# Roo case for the fire



## katy32 (Dec 20, 2010)

Did anyone get their roo case for the fire yet?  I ordered one two weeks ago, and according to Amazon it has been shipped but nothing shows up when I click track package.  I'm wondering at this point if I should just file for a refund, or wait a little longer.


----------



## JetJammer (Jan 18, 2009)

Nope, mine hasn't arrived yet.  I believe the delivery estimate is November 18-22, so I'm still in that window.  Amazon doesn't show tracking information for it either, but that's not uncommon for items shipped from outside vendors.

I wouldn't worry just yet unless you had a much earlier delivery estimate than I had.


----------



## Pushka (Oct 30, 2009)

I am hoping mine arrives tomorrow.  It seems to be lost currently in dhl land.


----------



## Sofie (Dec 30, 2008)

We ordered our Roo case on November 13th and it arrived today via USPS.


----------



## CegAbq (Mar 17, 2009)

Mine was shipped by USPS which is probably why I can't track it; hoping it gets here on Monday! I ordered the magenta.
Going to compare it to this because I REALLY like that purple.


----------



## ellesu (Feb 19, 2009)

I received my red Roo    last week even though when I ordered it wasn't expected to arrive until Dec.  Odd.  I am happy with the case.  However, the two black Roo cases I ordered on Nov. 2 haven't arrived yet - should be here next week.  No tracking available here either.


----------



## Sofie (Dec 30, 2008)

We had to go with a boring black Roo case. The Fire is technically my DH's and he refused to use "girly" colors.  I wanted Red.


----------



## Pushka (Oct 30, 2009)

The roo case for the fire seems much lighter than the Iconia one.  Black is very chic Sofie.


----------



## katy32 (Dec 20, 2010)

Still no roo case.  I messaged the seller on Wednesday of last week and still haven't received a response.  I think at this point I'm going to request a refund from amazon, since the last day in my delivery window was the 15th


----------



## ellesu (Feb 19, 2009)

katy32 said:


> Still no roo case. I messaged the seller on Wednesday of last week and still haven't received a response.

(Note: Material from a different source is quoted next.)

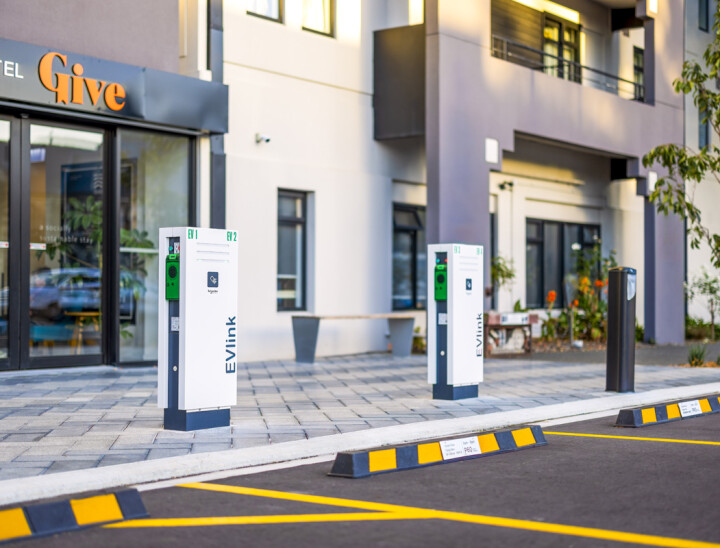 Hotel Give Exterior 2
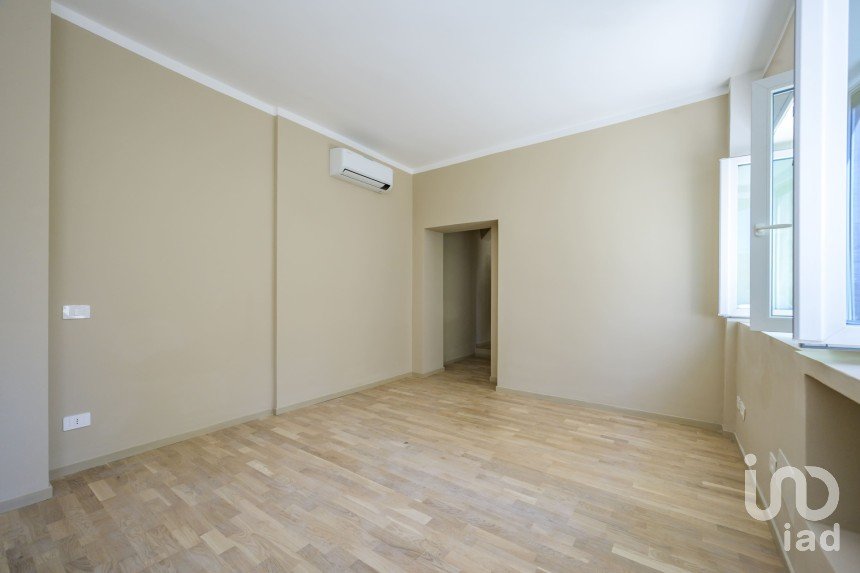 Four-room apartment of 82 m² in Genova (16126)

I think at this point I'm going to request a refund from amazon, since the last day in my delivery window was the 15th


That's a shame. My two black roo cases arrived today. I would have to check but I think they were delivered within the delivery window - however, my red one arrived about about a month early. Odd. I hope you get a quick resolution. Mine all came USPS and there was absolutely no tracking info except to say they had left and were in transit.


----------



## ElaineOK (Jun 5, 2009)

I have a red, Roo case on order for my Touch.  It is coming from an ebay seller, and no tracking info.  I am really hoping it gets here tomorrow!  I want it for the holidays.

Elaine
Norman, OK


----------



## teri (Sep 13, 2010)

My magenta one says shipped as of yesterday and it also has a tracking number that doesn't register at UPS.  I was hoping to have it by Thanksgiving.


----------



## sherrymyra (Nov 24, 2011)

This looks perfect.  I think I will have to have one.  Now just decide on the color.  I wish there was purple.


----------



## parakeetgirl (Feb 27, 2009)

katy32 said:


> Still no roo case. I messaged the seller on Wednesday of last week and still haven't received a response. I think at this point I'm going to request a refund from amazon, since the last day in my delivery window was the 15th


Same here..I have sent two emails with no response. Time to file a claim, I think..I'll wait and see what happens tomorrow, but after that, I want my money back.


----------



## parakeetgirl (Feb 27, 2009)

I filed a claim with Amazon and got my money refunded. I chose to take it in the form of an Amazon gift card. I also left seller feedback(negative). No excuse for not getting back to my emails.


----------



## Tina C. (Jan 20, 2010)

I ordered mine on Monday.  It arrived today which was fast.  I'm returning it though.  There is no way to secure the front part of the cover when it is closed, no type of front closure or magnetic type closure.  I ordered the book style.  I would be afraid to carry it in my purse incase something slipped inside and scratched the screen.


----------



## Vet (Apr 25, 2010)

Wow. I was going to buy this cover. The colors are nice, but I carry mine in a purse too. It would work with a sleeve though.


----------



## teri (Sep 13, 2010)

I don't like that it doesn't have a closure.    I thought it had an elastic strap.  I could be confused as I've looked at so many of them.  LOL  I just sent an email to the seller.  Mine was supposed to be delivered by the 22nd.  I don't have it and it looks like even if it shows I'll be sending it back.  I have another one from a different company coming the first week of December.


----------



## parakeetgirl (Feb 27, 2009)

Ok, this is just how things work for me. I got the case in the mail this morning, lol. Someone from PC Micro store( the 3rd party seller through Amazon) emailed me today. She said that they printed out shipping labels ahead of time and it was shipped later than I was told in the shipping email. She also said the case was way more popular than they thought it would be.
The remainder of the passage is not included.